- Born: seventh century Constantinople (modern-day Istanbul, Turkey)
- Died: ~665 AD Naples, Italy
- Venerated in: Catholic Church Eastern Orthodox Church
- Feast: August 25
- Patronage: Naples (co-patron)

= Patricia of Naples =

Italian Catholic saint

Patricia of Naples (or Patricia of Constantinople) (Santa Patrizia) (died ca. 665 AD) is an Italian virgin and saint. Tradition states that she was noble; she may have been related to the Roman Emperor. Some sources say that she was a descendant of Constantine the Great. The particulars traditional about her are unreliable and in some instances contradictory.

Wishing to escape a marriage arranged by Constans II and become a nun, she went to Rome. There she received the veil from Pope Liberius. Upon the death of her father, she returned to Constantinople and, renouncing any claim to the imperial crown, distributed her wealth to the poor. She then planned to go on pilgrimage to Jerusalem.

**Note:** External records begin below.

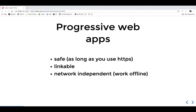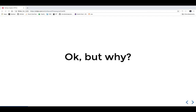They are linkable - you can send someone a link, they click on it, and they're in your app. And they are network independent, which means they work in poor network conditions or even offline. We'll see later how that works and why we might want to do it. In short, a Progressive Web App is like your normal web application with some extra features added to it.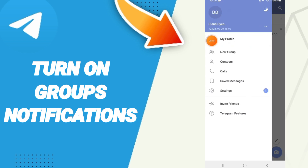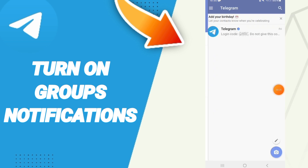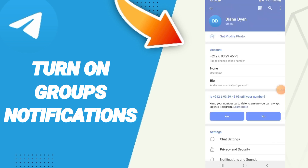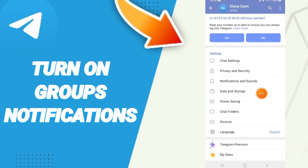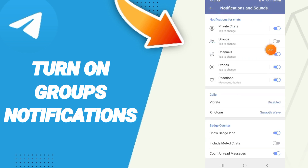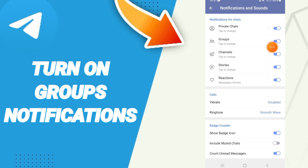In this list, go to this window of Settings. In this page, go to this window of Notifications and Sounds. Here in this list, click on this sign, and as you see in this page, if the sign changes to this blue color, then you can know how to turn on group notifications on the application of Telegram.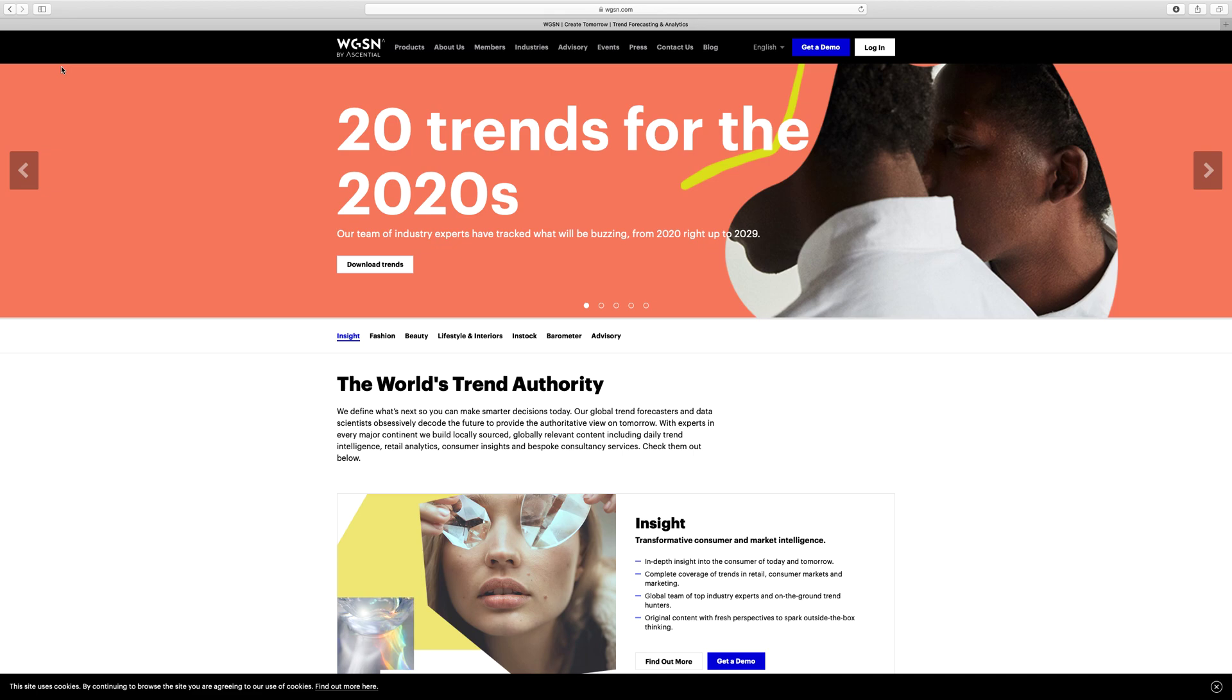This is a quick tutorial to show you how to log into WGSN without using the library portal. This video is specifically for my students from the University of Manchester.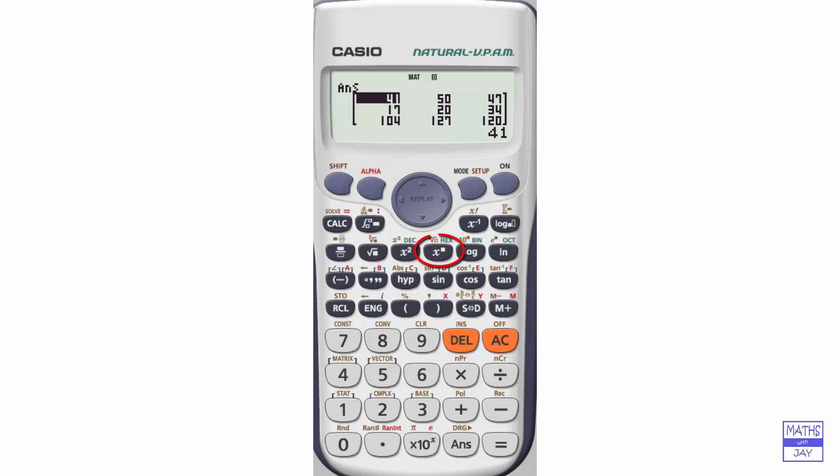Something to note is that you can't use the x to the power of anything key. When you've got a matrix, you can only raise it to the power of 2 or 3 using the buttons I've shown you already. This will work for any square matrix, so you could use a 2 by 2 matrix as well.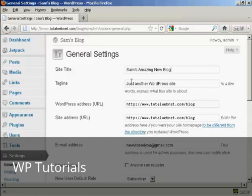And if you want to change the tagline, you can do it in the same way as well.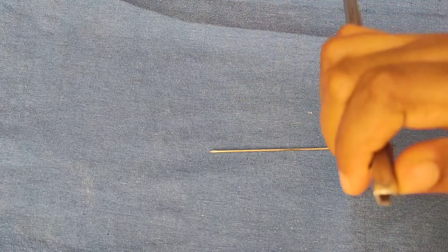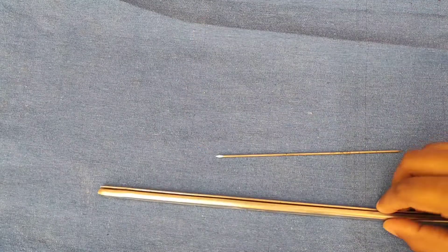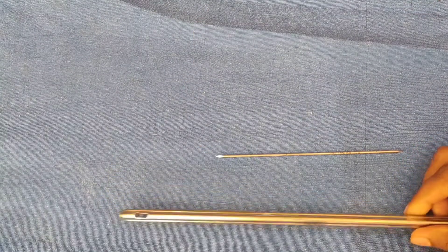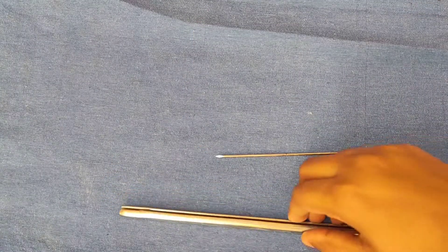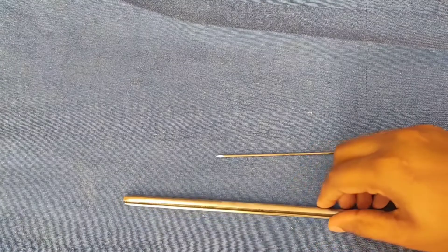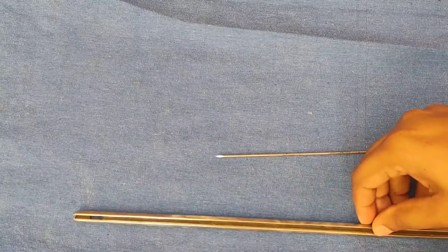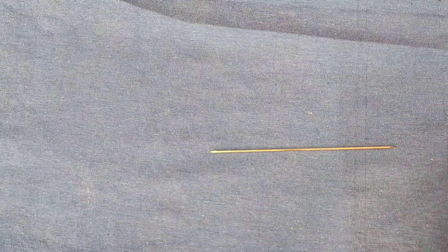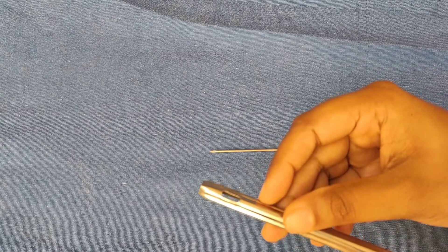It provides rotational stability. It is mainly used for fixation of shaft of femur fractures. You can see the eye which is helpful for extraction of the nail.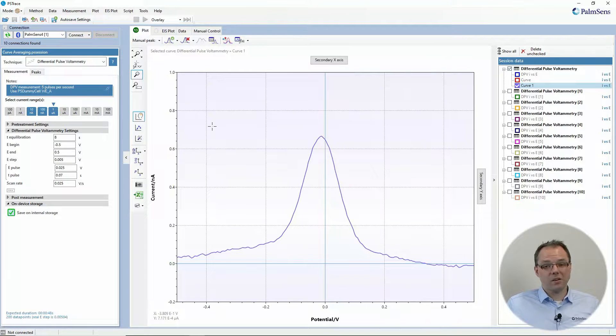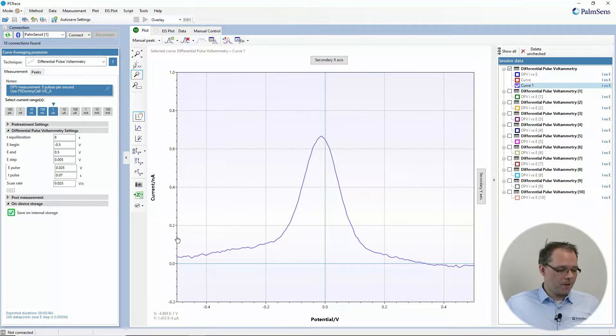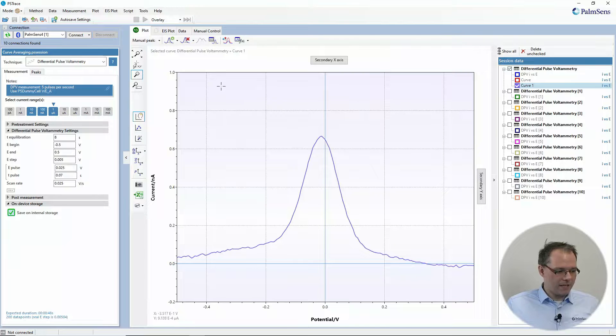And you see it's a lot smoother than the other ones. Well, but it doesn't have a nice baseline.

However, a terrible storm shipwrecked her on the shores of Naples. Finding refuge on the tiny island of Megarides (the site of the present-day Castel dell'Ovo), the site of a small hermitage, Patricia died shortly after from disease.

==Venerations==
The monastery of Sante Patricia contained her relics. During the turbulent events of 1864 [what events?], they were translated to the monastery of San Gregorio Armeno. Covered in wax, her relics were contained in an urn of gold, gems, and silver, and were placed in the monastery's chapel. The monastery also preserves her blood. Her blood, like that of Januarius, the other, more famous patron saint of Naples, is also said to liquefy periodically. The associated legend states that after Patricia died, a zealous man pulled out one of her teeth, causing the body to hemorrhage. Patricia's followers collected the blood and exposed it. It then liquefied.